Discrete Schmitt Trigger: make output logic level at 0V, not 3V

Question

I designed a Schmitt Trigger with discrete components (using an emitter-coupled pair) that operates with a Low Disable Trigger of around 3.5V and a High Enable Trigger of around 4V on circuit simulation. The circuit simulation uses a sine wave function generator to simulate a changing analog waveform.

The desired output of the Schmitt Trigger for high and low are 5V and 0V respectively, but this Schmitt Trigger outputs a logic high of 5V and a logic low of 3V, which is not suitable for the rest of my circuit, as they require 5V-0V logic levels to work.

The question is how can I make the Schmitt Trigger output a logic level of 5V-0V from a logic level of 5V-3V? What circuit can I "bolt on" to this design to make it output that logic level, or even better, an entirely different circuit altogether that achieves similar functionality (a discrete-component comparator that can achieve a 5V-0V logic level is also cool with me).

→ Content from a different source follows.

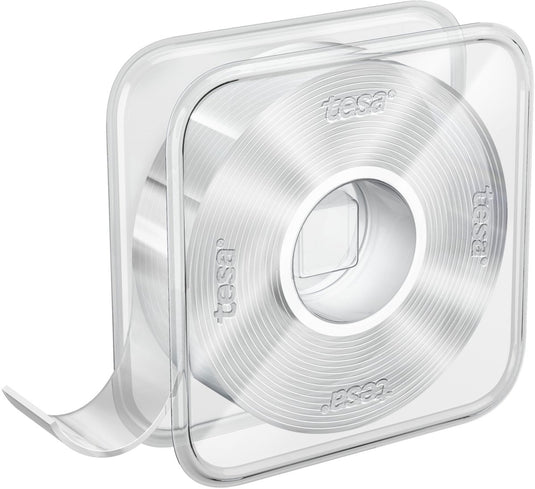 Tesa nano tape transparant dubbelzijdig verwijderbaar herbruikbaar weerbestendig – 3m x 30mm
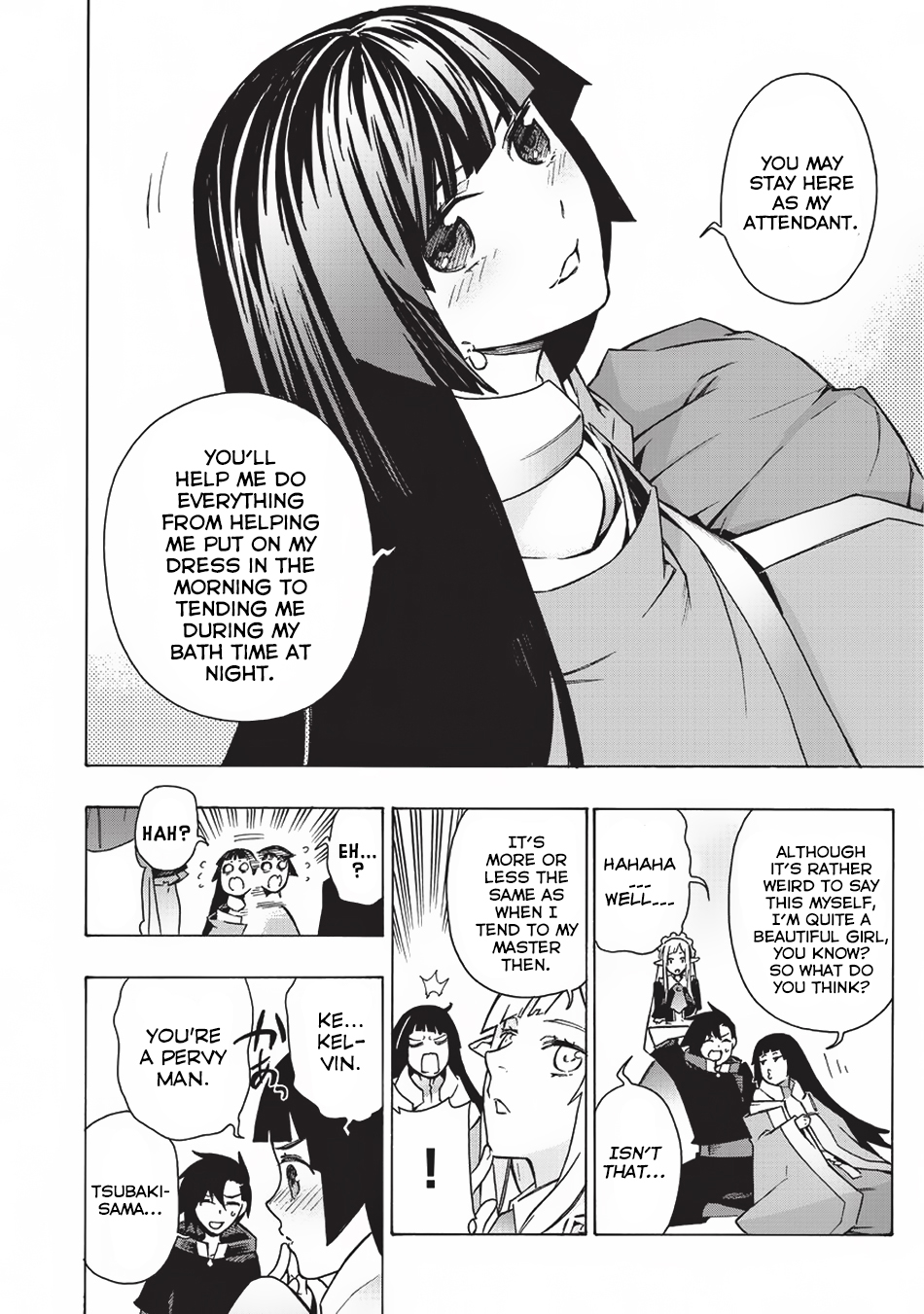 Kuro no Shoukanshi Chapter 22 page 13 - Chapter 22: The Water Kingdom Forage.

Keep in mind that I cannot use any ICs due to project requirements, and I also cannot use any other power supply other than 5VDC.

Answer 1

The basic problem is how the positive feedback in your Schmitt trigger robs low output voltage. The feedback voltage is generated across RE, which is always added to the low level output voltage.

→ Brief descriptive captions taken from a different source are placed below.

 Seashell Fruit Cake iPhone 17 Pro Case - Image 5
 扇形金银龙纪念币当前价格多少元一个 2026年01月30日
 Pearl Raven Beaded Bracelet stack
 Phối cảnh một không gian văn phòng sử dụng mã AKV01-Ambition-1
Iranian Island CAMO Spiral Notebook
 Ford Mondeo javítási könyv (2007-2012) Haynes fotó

A Schmitt trigger is basically a amplifier with a little bit of positive DC feedback. Can you think of other ways of using two transistors to make positive gain? Perhaps some of those configurations allow for a feedback path that does not limit the output voltage swing.

Hint 1: Your exising amplifier topology can be used with a different feedback path.

Hint 2: The two transistors can be a mix of NPN and PNP. That may open your thinking to more amplifier topologies.

Answer 2

Logic levels for 5v CMOS are not necessarily 0v and 5v; 1v-3.5v will usually work fine. You can however get 0v-4.5v with two extra transistors and resistors.

Answer 3

In theory, yes, you could use a negative supply.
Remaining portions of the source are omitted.